What to do - Include no pictures. Output exactly the lines from the one that contains "Eurosoft Chelsea Black" through the final line of the entries.

Input records -
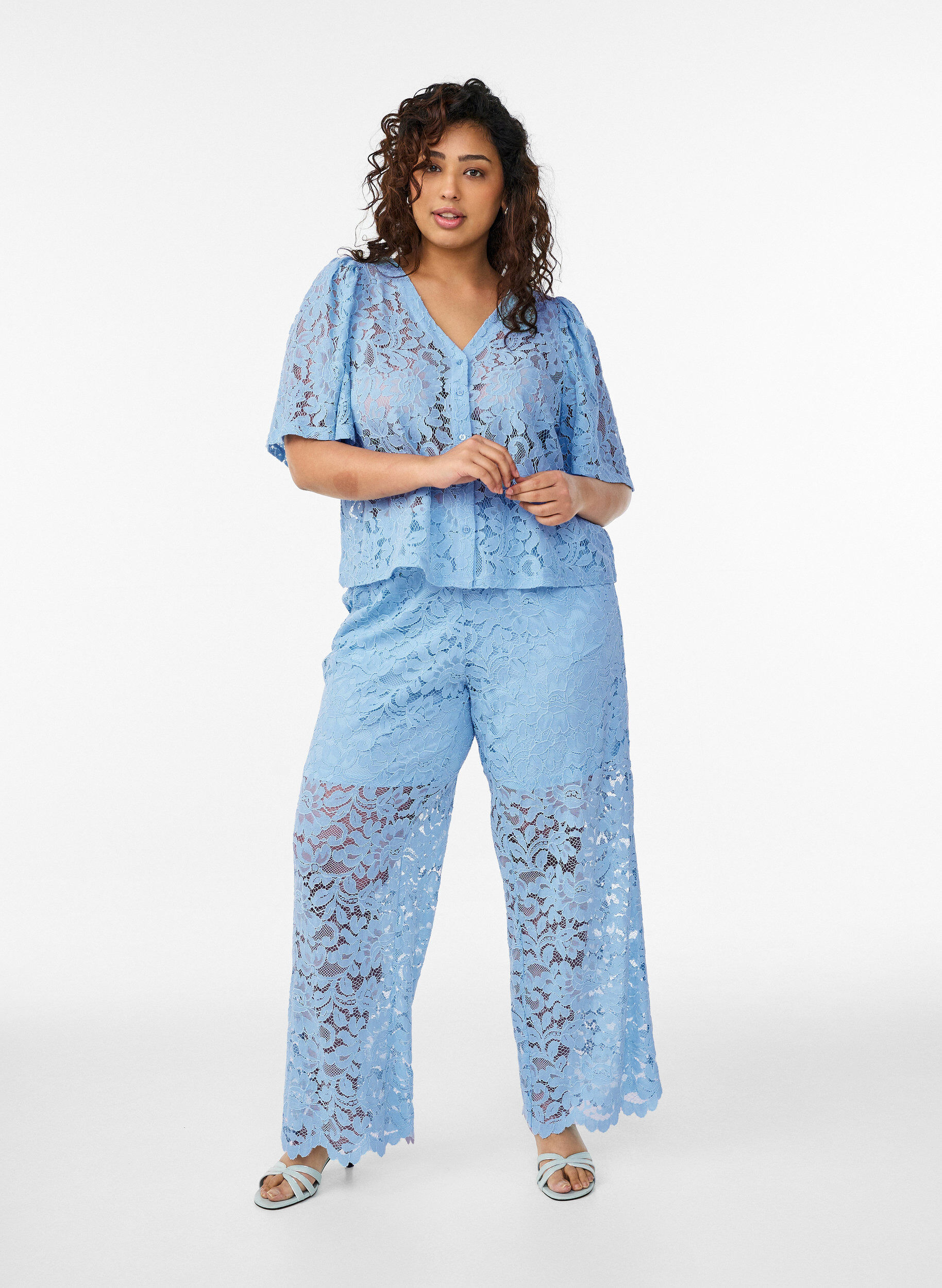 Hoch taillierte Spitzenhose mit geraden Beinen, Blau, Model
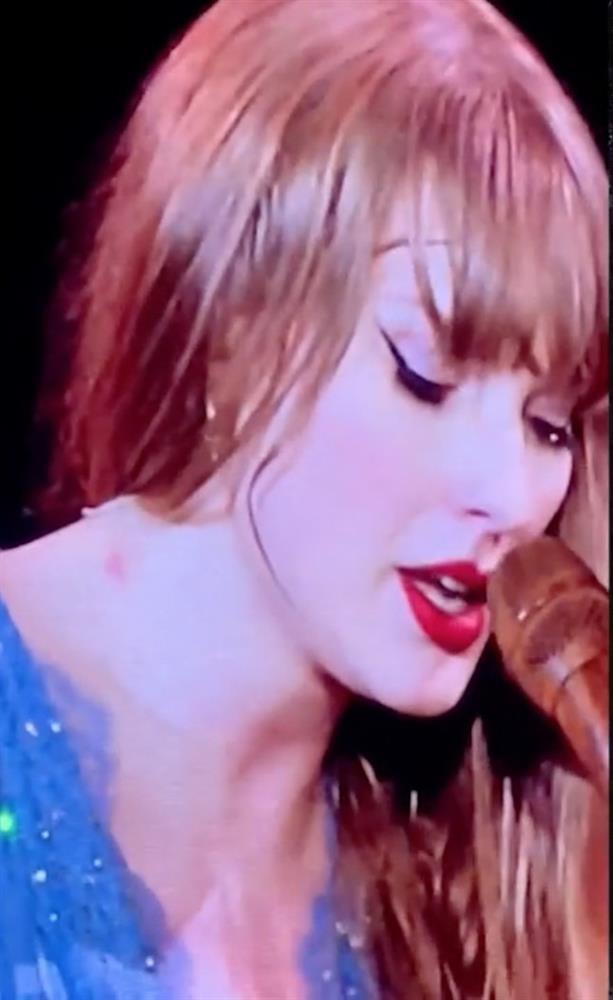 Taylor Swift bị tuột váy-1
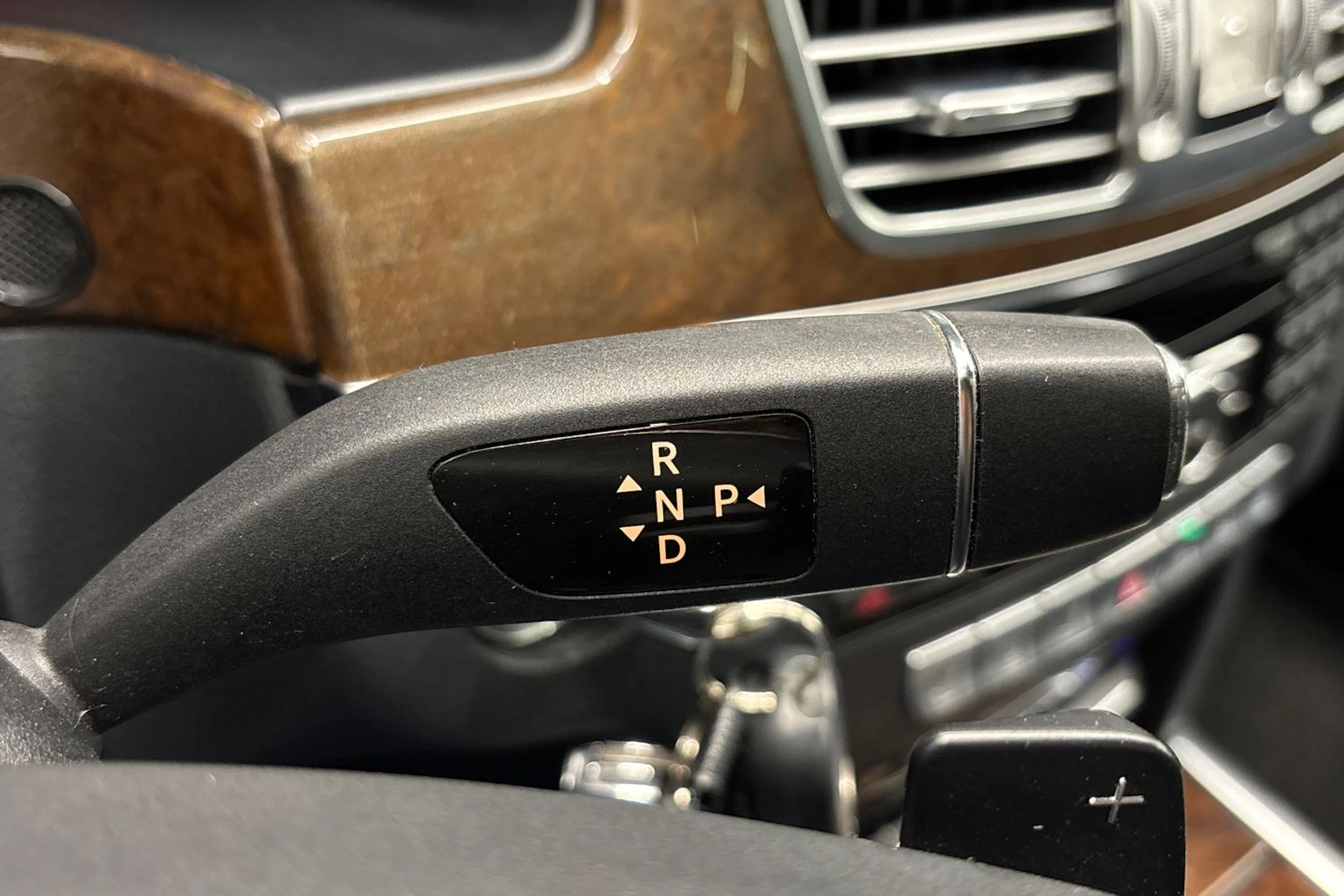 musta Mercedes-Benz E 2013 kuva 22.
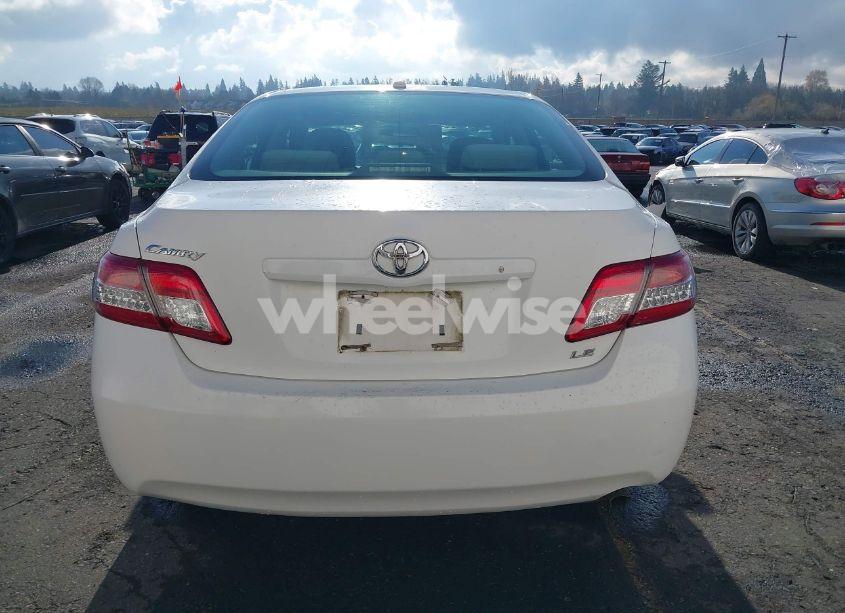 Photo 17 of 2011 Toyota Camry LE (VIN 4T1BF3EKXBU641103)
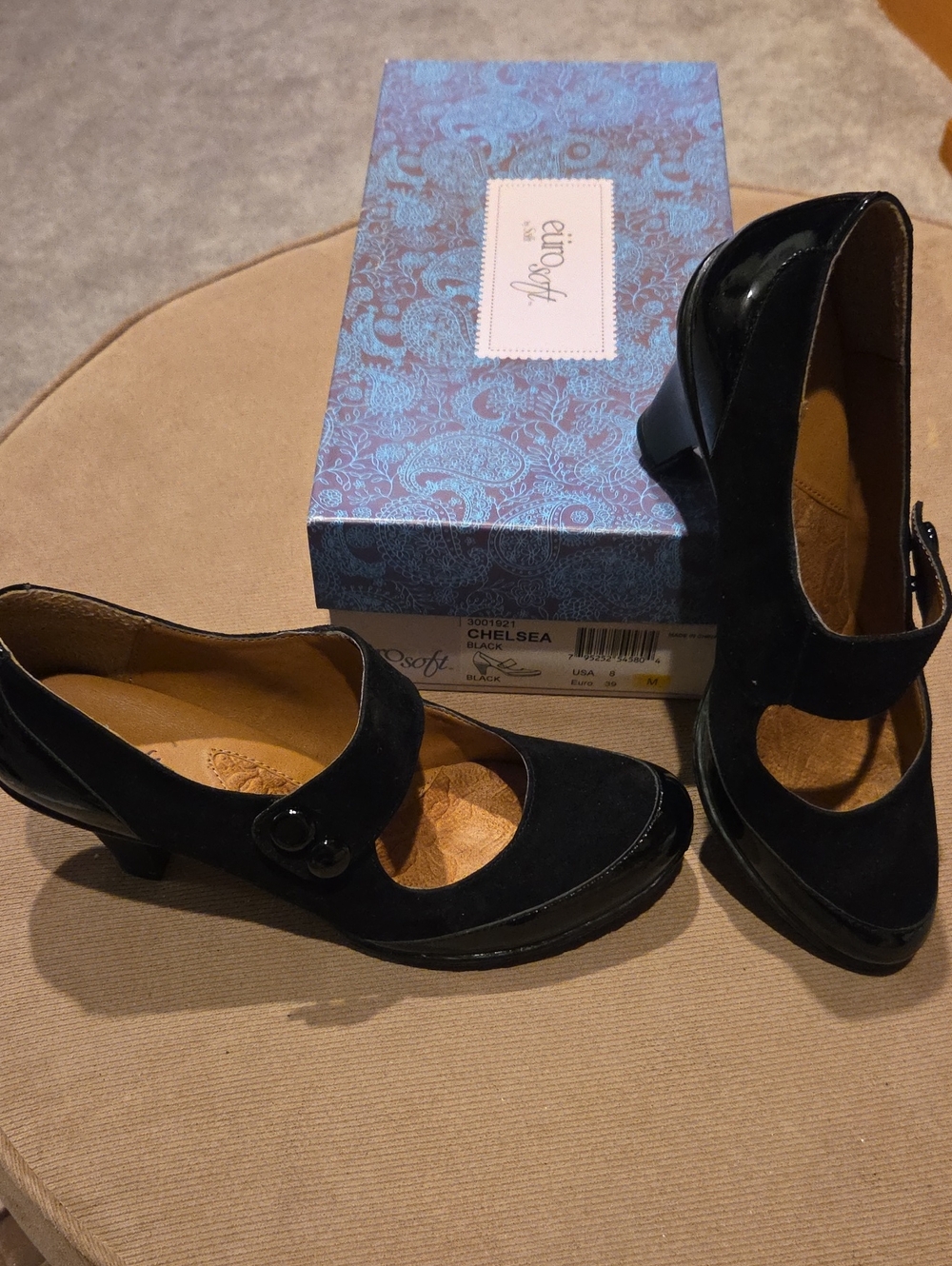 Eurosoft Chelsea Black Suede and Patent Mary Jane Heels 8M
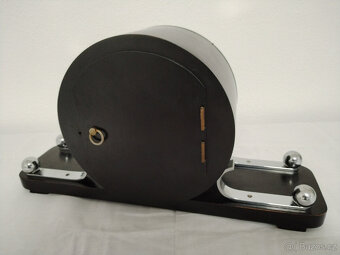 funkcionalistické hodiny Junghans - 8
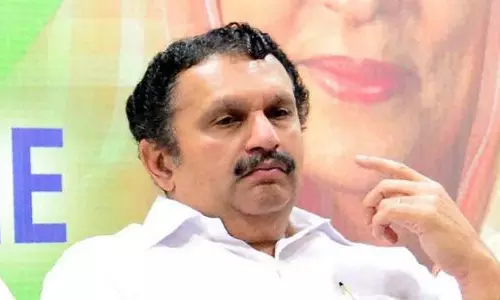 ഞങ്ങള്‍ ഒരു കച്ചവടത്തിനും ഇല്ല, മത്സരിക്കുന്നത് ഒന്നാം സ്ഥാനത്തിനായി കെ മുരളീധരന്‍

Task output -
 Eurosoft Chelsea Black Suede and Patent Mary Jane Heels 8M
 funkcionalistické hodiny Junghans - 8
 ഞങ്ങള്‍ ഒരു കച്ചവടത്തിനും ഇല്ല, മത്സരിക്കുന്നത് ഒന്നാം സ്ഥാനത്തിനായി കെ മുരളീധരന്‍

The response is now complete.